It’s been more than three decades since Bill Gates laid out his vision for Microsoft to put a PC on every desk in every home.
That was then. These days it’s all about the cloud, and mobile devices like smart phones and tablets.
So the world’s largest software company announced big changes Thursday.
Microsoft employees woke up to a long email — about 2,700 words — from CEO Steve Ballmer outlining a new strategy he’s calling “One Microsoft.” (If that sounds familiar, think Detroit. Ford CEO Alan Mulally dubbed the auto maker’s turnaround “One Ford” in 2006. He’s been advising Ballmer.)
Ballmer’s bottom line: Microsoft needs to be more nimble and collaborative.
“If you want to pivot the organization, then those are all the right words to be using,” says Jay Vleeschhouwer, a software analyst at Griffin Securities.
“Their observation of what’s going on in the world is that corporations and consumers are changing the way they interact and use technology,” he adds.
Especially handheld devices, and Microsoft is falling behind competitors like Apple and Google.
So instead of separate divisions for each product, the company is reorganizing by function. Among them are marketing, strategy and new engineering teams for devices and the cloud.
“Microsoft is essentially admitting in this reorganization that the fragmentation of their products and their strategy has failed,” says John Furrier, editor-in-chief of Silicon Angle. “He’s been under pressure to perform…and it’s clear from this reorganization, this is Steve Ballmer’s last stand.”
Microsoft says there won’t be layoffs, but it’s moving top executives around.
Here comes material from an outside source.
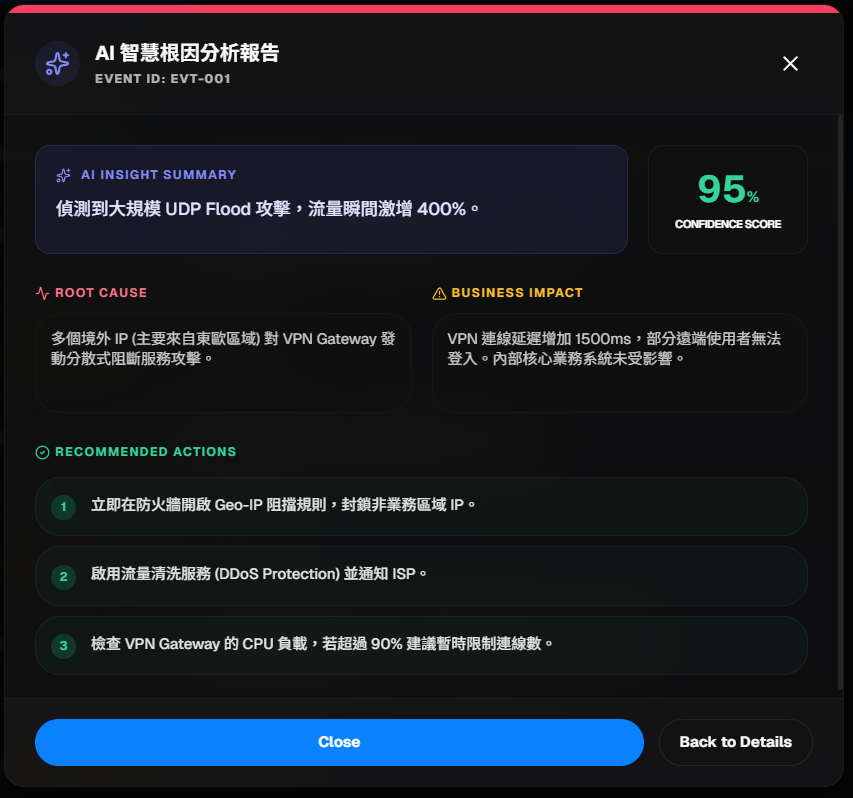 AI 智慧異狀根因分析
Longtime Microsoft analyst Rick Sherlund, at Nomura Securities, says Ballmer’s strategy is long on rhetoric, but short on specifics.
“It doesn’t quite address the concern that investors have, which is, where are you in smart phones and where are you in tablets?” Sherlund says. “It’s a good structural change, but it kinda doesn’t solve the problem that you have currently.”
Ballmer says there’s still a lot to do. His closing words to employees: “Let’s go.”
But perhaps not until they read his other memo of the morning — an even longer 3,100-word elaboration on the corporate changes.